* [TASK INSTRUCTIONS]: In your copy of the data, include no pictures and alter nothing else.

* [INFORMATION SHOWN]:
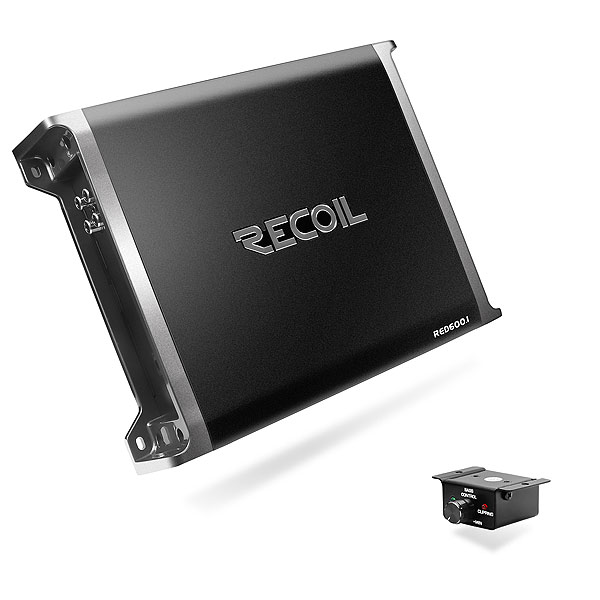 Усилитель RECOIL RED 600.1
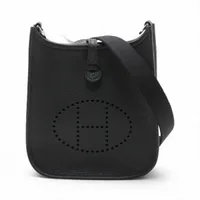 エルメス エヴリン16 TPM アマゾン トリヨンクレマンス ブラック シルバー金具 W:2024年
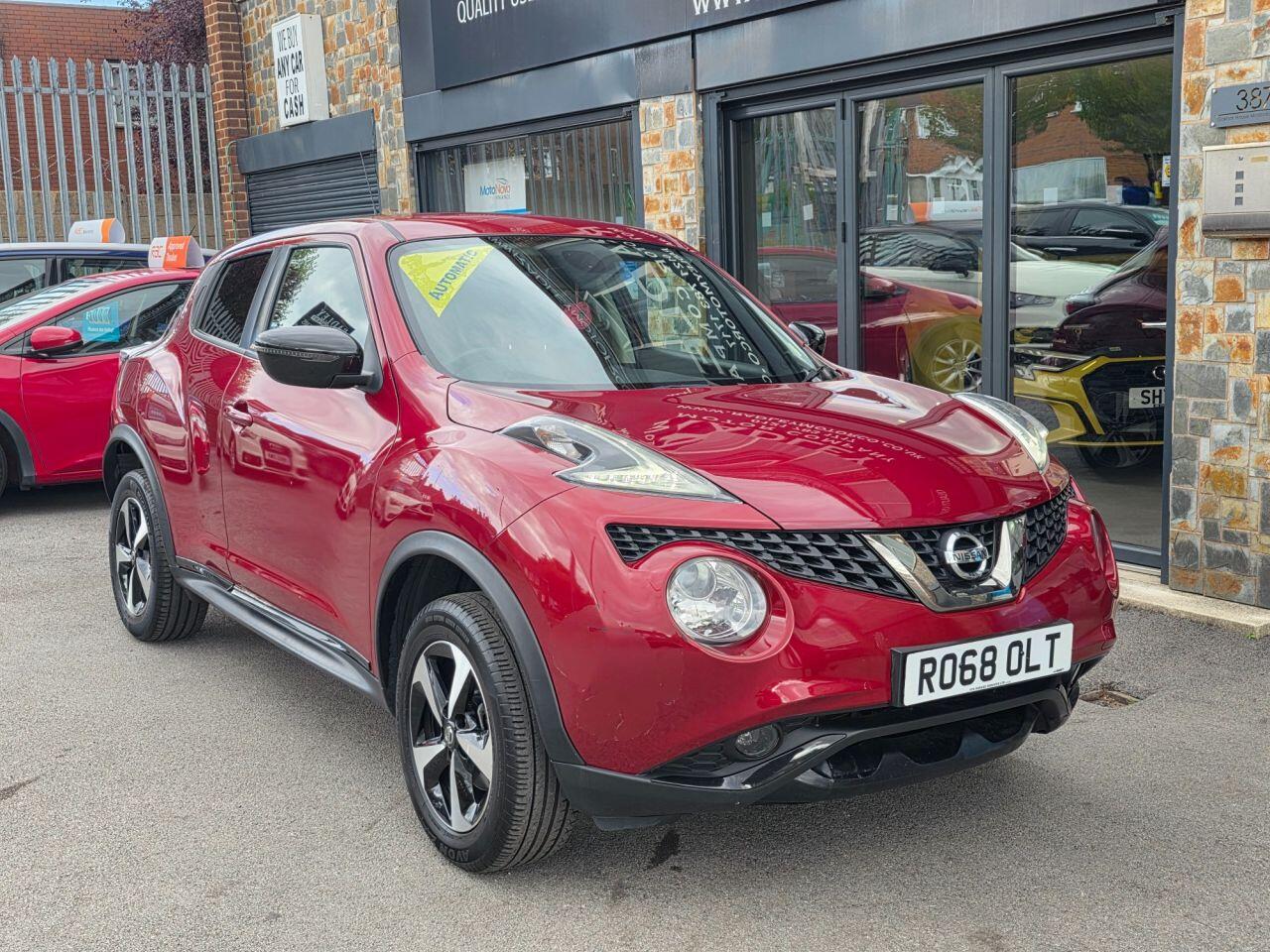 Nissan Juke view 31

* [RESULT FOR THIS TASK]:
 Усилитель RECOIL RED 600.1
 エルメス エヴリン16 TPM アマゾン トリヨンクレマンス ブラック シルバー金具 W:2024年
 Nissan Juke view 31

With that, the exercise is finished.